Outra colega minha, dessa mesma escola, tirou a sua vida há alguns dias atrás. Dessas coisas que a vida não explica.
Moça loira, simpática , bonita, inteligente e super bem relacionada. O Facebook dela tem pelo menos o dobro de contatos do meu. Ela sentava do meu lado no primeiro ano de colegial, e lembro que ela já fazia amizades muito fácil, as pessoas gostavam dela.
Eu mesmo fiquei amiga dela, conheci sua casa, seus pais, seus cachorrinhos. No segundo ano, acabei me aproximando mais da gang de japas e nos afastamos mas sempre tivemos muito carinho um pela outra.
Ela estava bem ocupada: tinha sempre boys a procura dela, e muitos amigos, de não dar conta.
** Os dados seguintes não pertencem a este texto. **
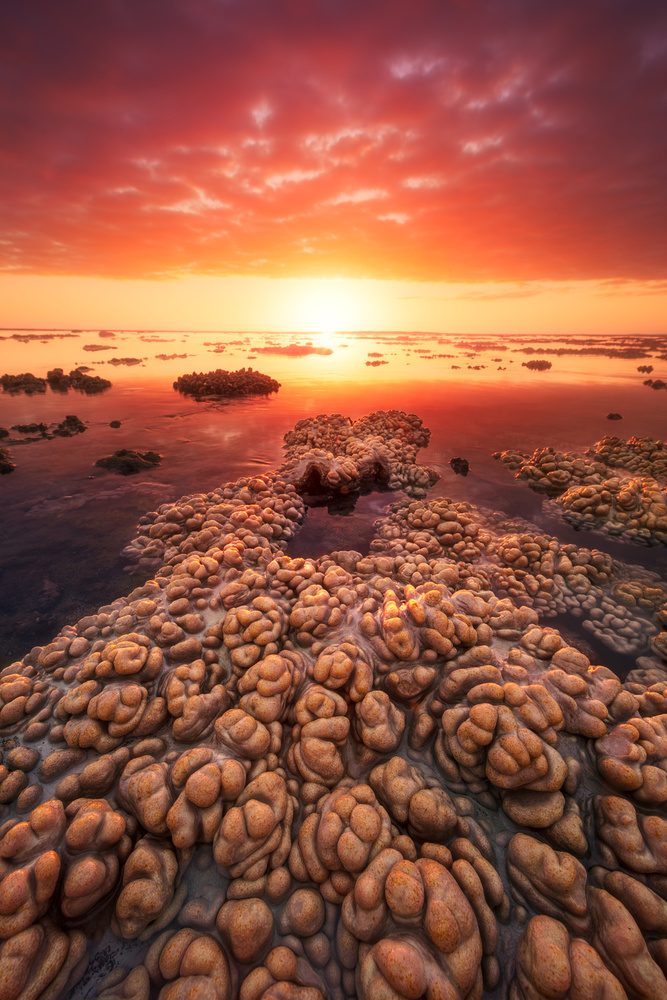 Low tide on the lagoon of Saint Leu. von Barathieu Gabriel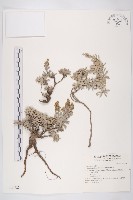 藏品(蘄艾、芙蓉菊)的圖片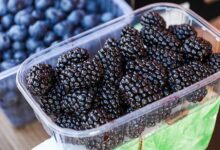 Фиолетовые пальцы, показывающие на шелковицу и пищеварительные процессы.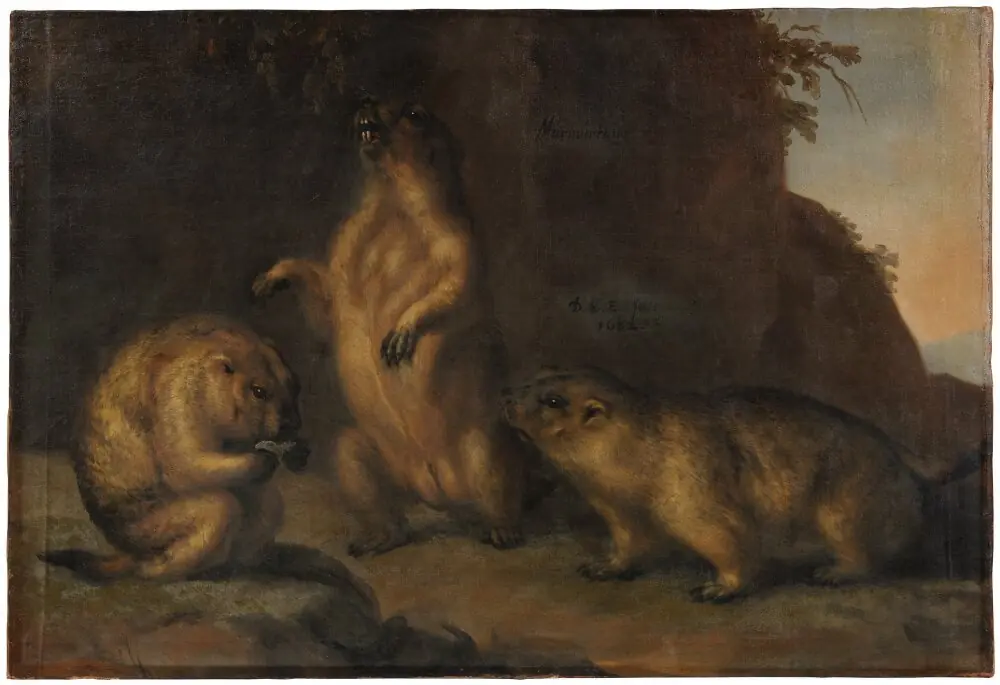 Murmeldjur, by David Klöcker Ehrenstrahl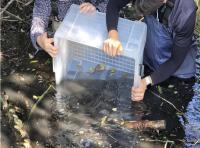 Seoul Grand Park releases 100 endangered frogs into southern wetlands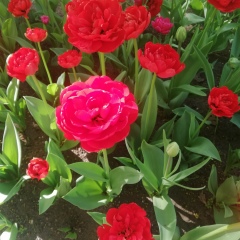 Анна Хромова, 24.05, Санкт-Петербург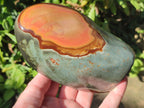 Polished Polychrome Jasper Standing Free Forms x 3 From NW Coast, Madagascar - Toprock Gemstones and Minerals 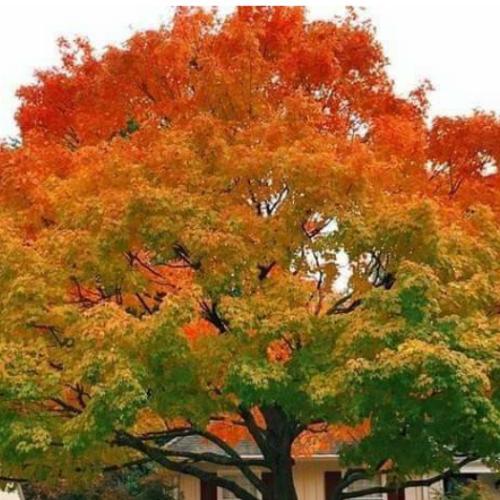 สมาชิกหมายเลข 5628558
Não era aquela pessoa fervilhante de alegria, mas sabe aquela pessoa gente fina, que em poucos minutos de papo você sente que pode se abrir com ela? Ela era assim.
Há uns 4 anos atrás, nos esbarramos quase em frente de casa, ela estava trabalhando num escritório la perto. Me reconheceu (eu não a reconheci, estava muito bonita) me deu um abraço, ficamos de marcar com as meninas.
Há alguns dias, recebi a mensagem no Facebook dela que o velório dela tinha sido agendado para fevereiro. Uma piada terrível de algum hacker talvez? Lendo os inúmeros comentários, vi que o pior tinha se confirmado: ela não estava mais entre nós e o motivo, obscuro demais para ser divulgado explicitado.
Centenas de pessoas, incrédulas como eu, se questionando como uma mulher bonita, saudável, bem relacionada e bem sucedida dá fim a própria vida e como diz os mais velhos, na flor da idade.
Não tive coragem de ir na missa de sétimo dia, mas olhei o perfil dela. O pai e irmão, figuras mais presentes na vida dela, se foram há alguns anos, e provavelmente sua fiel escudeira, uma cachorrinha maravilhosa. Muitos comentários de pessoas que ela ajudou, que a consideravam, mas talvez não tinham tanta intimidade para saber o que se passava com ela.
O suicídio é daqueles assuntos que tentamos evitar a todo custo, porque marginaliza a pessoa que o executou, e nos deixa com nossos fantasmas: será que um dia podemos ser acometidos por isso?
Eu amo minha vida e amo viver. Amo pequenas e grandes coisas. E será que um dia posso passar por isso? Com a perda de pessoas queridas, com eventos terríveis que podem acontecer, ou apenas acordar um dia e decidir que é isso e ponto final?
Gostaria muito de ter tido uma última palavra com eles. Um alento, uma explicação, uma luz. Penso neles bastante e as pessoas que tinham mais contato pensam mais ainda. Que vocês estejam bem de onde estiverem. Paz no seu coração.